The more parallel workflows, the worse the problem seems to get.
Edit: Screenshots
As you can see, the "TERMINATE" Tasks get stuck, which maybe also causes the Workflows to not complete ?
I am not sure. But this is getting really frustrating for me.
+1 Same problem. Very frustrating. Wanted to build a safe shutdown for my whole system that waits for all workflows to complete before shutting down. Can't do it because of this bug.
Oh also, when manually trying to Terminate the workflows which are stuck, it causes an Error:
Cannot terminate a COMPLETED workflow.
Here is the related stack-trace from conductor server:
18580451 [http-nio-8080-exec-23] ERROR com.netflix.conductor.service.WorkflowBulkService [] - bulk terminate exception, workflowId 03e70757-3154-44c8-b456-14ebd7b97e7a, message: Cannot terminate a COMPLETED workflow.
com.netflix.conductor.core.exception.ConflictException: Cannot terminate a COMPLETED workflow.

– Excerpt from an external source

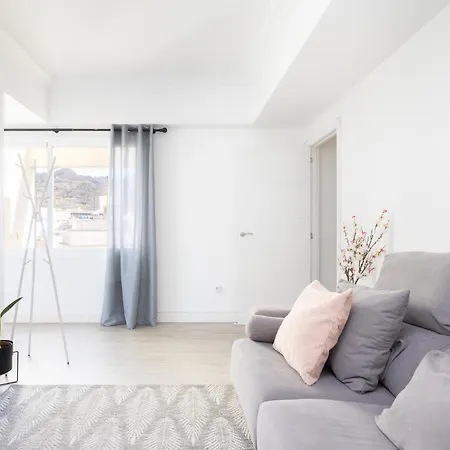 Home2book Stylish & Bright Apt, Cruz Center Apartment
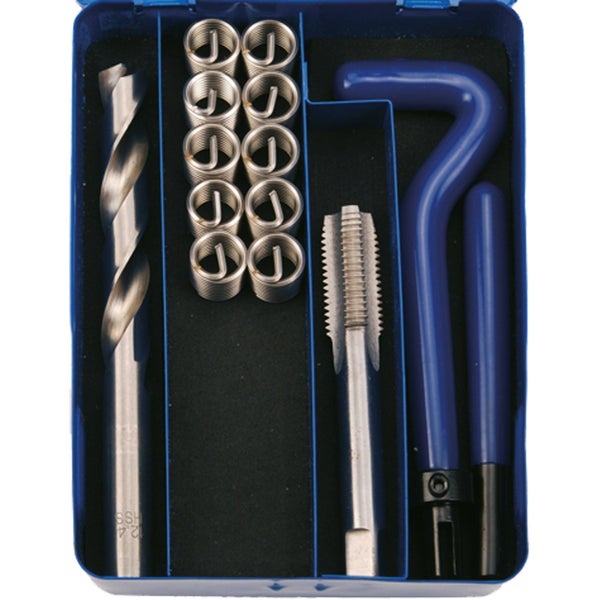 Gewindereparatur-Set in einer blauen Box mit Bohrer, Gewindeeinsätzen und Werkzeugen.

at com.netflix.conductor.core.execution.WorkflowExecutor.terminateWorkflow(WorkflowExecutor.java:577) ~[conductor-core.jar!/:?]
at com.netflix.conductor.service.WorkflowBulkServiceImpl.terminate(WorkflowBulkServiceImpl.java:154) [conductor-core.jar!/:?]
at jdk.internal.reflect.NativeMethodAccessorImpl.invoke0(Native Method) ~[?:?]
at jdk.internal.reflect.NativeMethodAccessorImpl.invoke(NativeMethodAccessorImpl.java:77) ~[?:?]
at jdk.internal.reflect.DelegatingMethodAccessorImpl.invoke(DelegatingMethodAccessorImpl.java:43) ~[?:?]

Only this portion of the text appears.